In this case, however, MERMAIDS are seismic sensors, deployed around the world’s oceans.
Most of what we know about the Earth’s inside comes from seismic studies. Just like a doctor analyzes your body using ultrasound, seismic stations can pick up waves from earthquake to image the interior of the planet or deduce some of its characteristics. The problem, however, is that most of our planet is covered in water — and we don’t have too many seismic stations in water.
“Imagine a radiologist forced to work with a CAT scanner that is missing two-thirds of its necessary sensors,” said Frederik Simons, a professor of geosciences at Princeton. “Two-thirds is the fraction of the Earth that is covered by oceans and therefore lacking seismic recording stations. Such is the situation faced by seismologists attempting to sharpen their images of the inside of our planet.”

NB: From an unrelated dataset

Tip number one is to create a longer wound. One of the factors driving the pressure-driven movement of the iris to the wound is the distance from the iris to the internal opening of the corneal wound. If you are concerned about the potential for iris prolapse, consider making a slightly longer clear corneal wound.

With this in mind, Simons and Guust Nolet (now Professor of Geoscience and Geological Engineering) developed a new type of seismic sensor: a hydrophone. The hydrophone’s earthy cousin, the geophone, is routinely used in surveys to detect subsurface resource. Both types of sensors are essentially a very precise microphone, capable of picking up the sounds of distant earthquakes — or to be more technical, to pick up acoustic energy from earthquakes. The resulting hydrophone was fitted with a GPS and sensors for temperature and water salinity and was mounted on a platform called a MERMAID (Mobile Earthquake Recording in Marine Areas by Independent Divers).

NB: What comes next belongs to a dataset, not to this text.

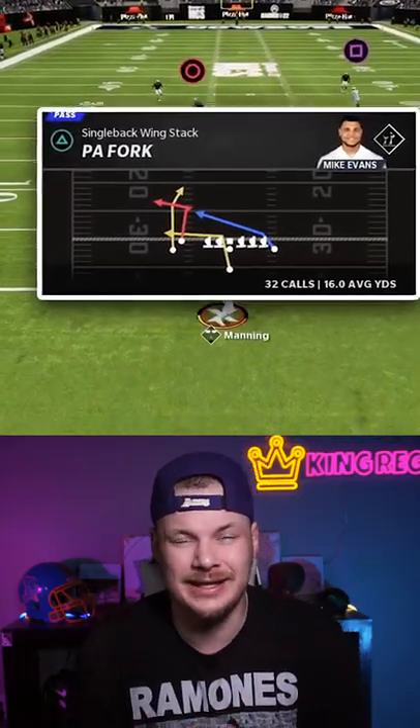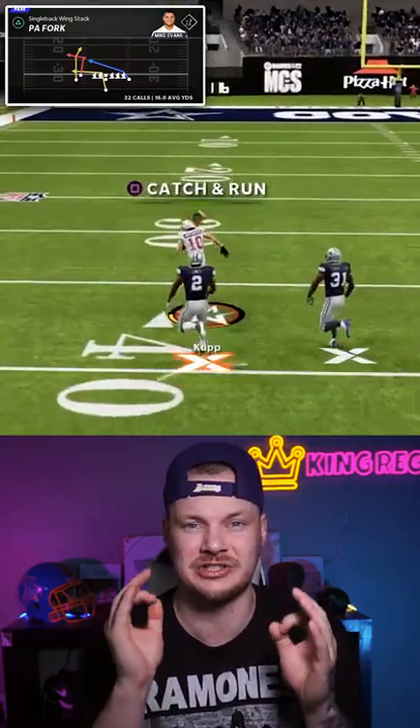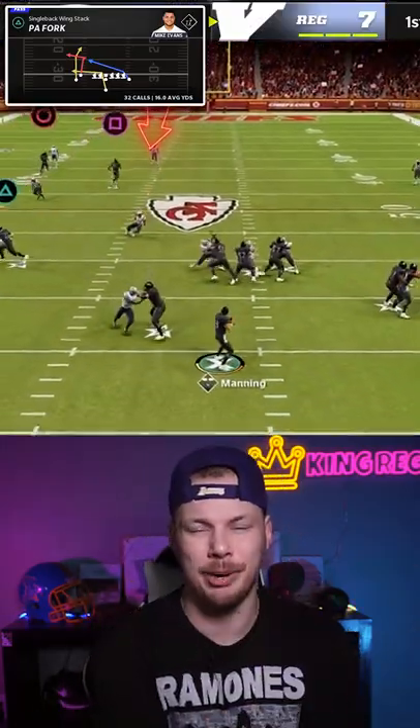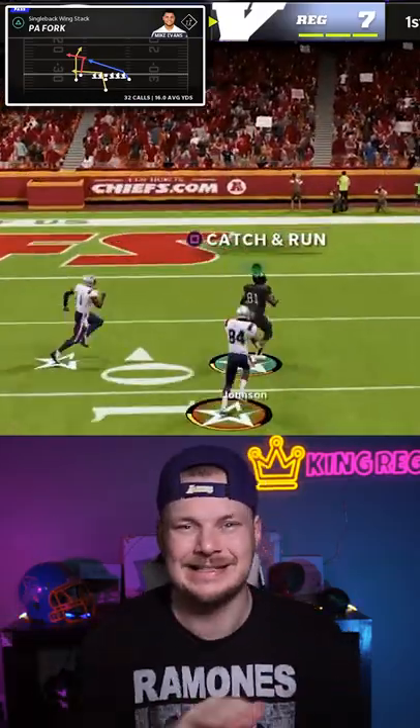Use this play to score easy walk-in one-play touchdowns against the two most common zone coverages in the game. Against cover three, wait for your deep post to clear the post safety, and then you can just bomb them over the top for an easy score.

MERMAIDs can dive down to depths as large as 3,000 m and are easily launched from even commercial or amateur vessels. They drift passively, usually at around 1,500 m deep, and whenever they detect an earthquake, they quickly rise to the surface to accurately gather GPS data and transmit data via satellite. They are currently the first marine instruments capable of transmitting seismic data in (almost) real time.

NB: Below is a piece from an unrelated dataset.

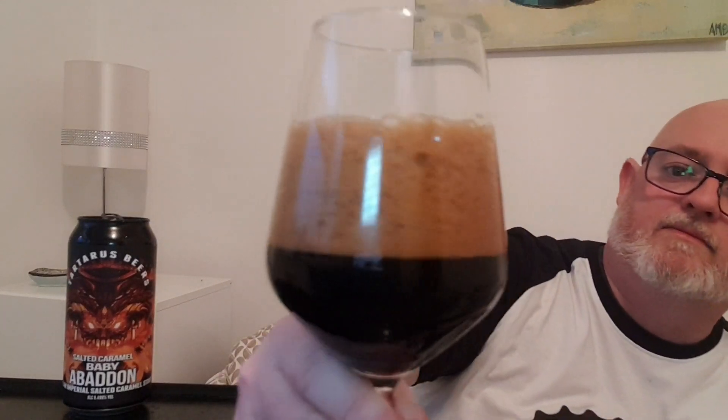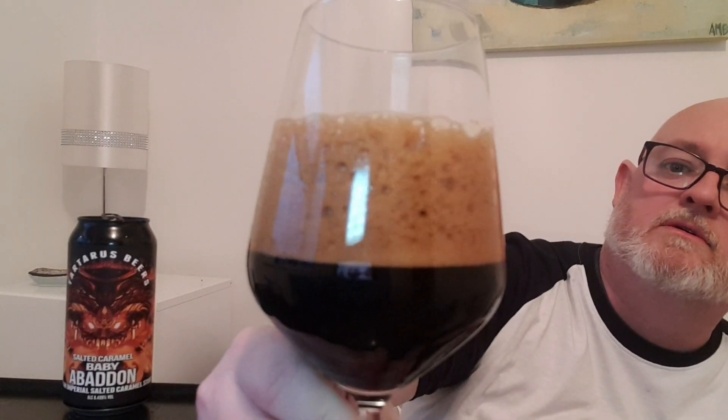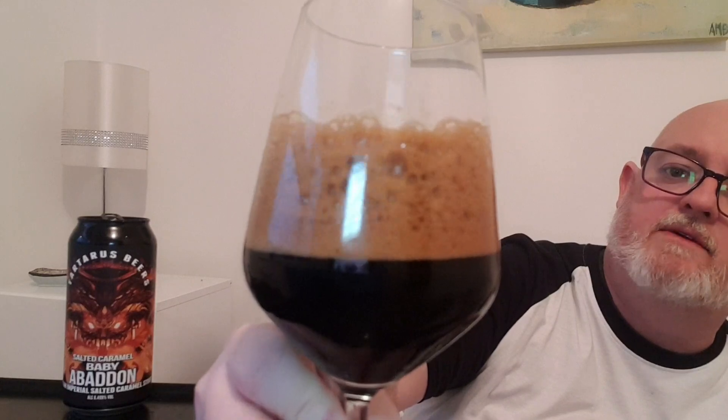We've got just over two fingers — two and a half fingers of a dense, compact head. Well, this side I'm looking at is sponge-like again, like a cake sponge — very spongy and rocky across the top.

The first fleet was launched in 2017 and now, an international team of researchers has presented the first scientific results.
For starters, MERMAIDs are useful to help scientists monitor abyssal currents — but that’s not even their main function. A more striking find is that the volcanoes on the Galápagos are fed by a so-called mantle plume: a magmatic source 1,200 miles (1,900 km) deep, connected to the surface volcanoes via a narrow conduit that is bringing hot rock to the surface.
These mantle plumes were first proposed in the 1970s as an important part of plate tectonics. Their existence has been confirmed in the meantime, but they have largely resisted attempts at seismic imaging because they are found in oceans, far away from seismic stations. The existence of this mantle plume was also indicated by abnormally high water temperatures.
In addition to filling in some missing puzzle pieces, the MERMAID network could also help geophysicists settle a long-lasting mystery about the Earth, which (thankfully) refuses to cool down.
“Since the 19th century, when Lord Kelvin predicted that Earth should cool to be a dead planet within a hundred million years, geophysicists have struggled with the mystery that the Earth has kept a fairly constant temperature over more than 4.5 billion years,” Nolet explained. “It could have done so only if some of the original heat from its accretion, and that created since by radioactive minerals, could stay locked inside the lower mantle. But most models of the Earth predict that the mantle should be convecting vigorously and releasing this heat much more quickly. These results of the Galápagos experiment point to an alternative explanation: the lower mantle may well resist convection, and instead only bring heat to the surface in the form of mantle plumes such as the ones creating Galápagos and Hawaii.”
The paper, “Imaging the Galápagos mantle plume with an unconventional application of floating seismometers,” by Nolet et al., has been published in Scientific Reports. doi: 10.1038/s41598-018-36835-w.